Soviet Union, Russia
- Name: K-51 Verkhoturye
- Namesake: Verkhoturye
- Builder: Sevmash, Severodvinsk
- Laid down: 23 February 1981
- Launched: 7 March 1984
- Commissioned: 28 December 1984
- Home port: Gadzhievo, Northern Fleet
- Status: Active

General characteristics
- Class & type: Delta IV-class ballistic missile submarine
- Displacement: 18,200 tonnes (17,900 long tons; 20,100 short tons)
- Length: 167 m (548 ft)
- Beam: 11.7 m (38 ft)
- Draft: 8.8 m (29 ft)
- Installed power: 2 × VM-4 pressurized water reactor180 MW (240,000 hp)
- Propulsion: 2 × type GT3A-365 turbines, two shafts with seven-bladed fixed-pitch propellers; Nuclear;
- Speed: Surfaced: 14 knots (26 km/h; 16 mph); Submerged: 24 knots (44 km/h; 28 mph);
- Range: unlimited except by food supplies
- Endurance: 80 days
- Test depth: 550–650 m (1,800–2,130 ft)
- Complement: 135–140
- Sensors & processing systems: Snoop Tray surface search radar
- Armament: 16 × R-29RM Shtil nuclear ballistic missiles, RPK-7 Veter anti-ship missiles, 4 × 533-mm bow tubes for up to 12 torpedoes

= Russian submarine Verkhoturye =

Russian Navy submarine

K-51 Verkhoturye (К-51 Верхотурье) is the lead submarine of the Project 667BDRM Delfin class (NATO reporting name: Delta IV) nuclear-powered ballistic missile submarines currently in service with the Russian Navy.

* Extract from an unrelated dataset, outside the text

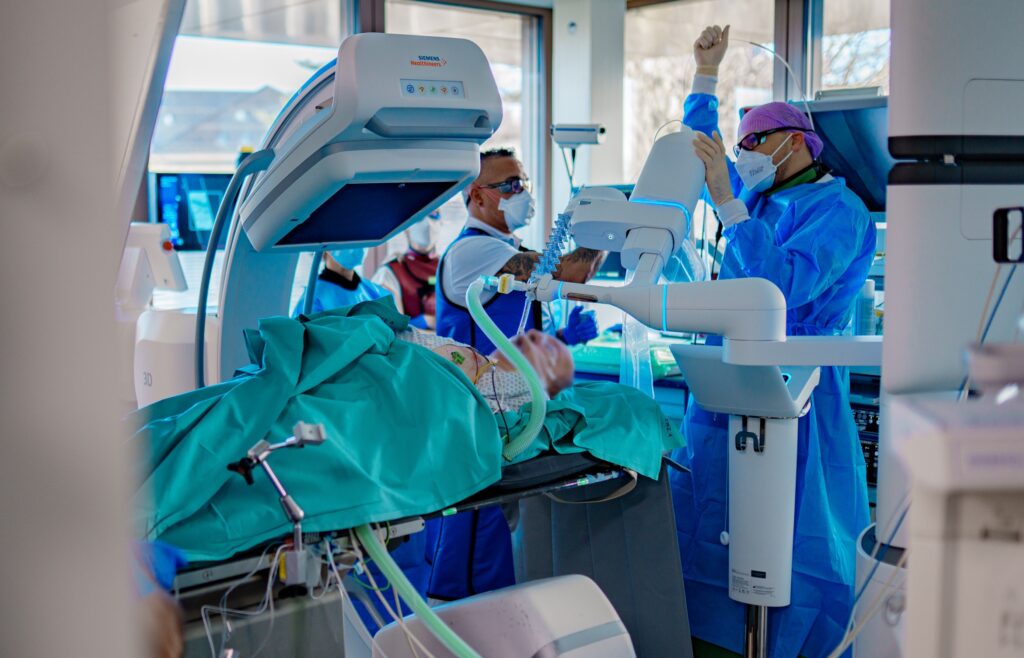 Early Lung Cancer Diagnosis Enabled with Robot-Guided Scanners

It was built at the Sevmash shipbuilding company in Severodvinsk between 1981 and 1984 and was commissioned in 1984. It is named after the city of Verkhoturye.

== Description ==
K-51 Verkhoturye has a length of 167.4 m overall, beam of 11.7 m and draft of 8.8 m. It displaces 18200 t and can dive up to 550–650 m. It carries a complement of 135–140 sailors.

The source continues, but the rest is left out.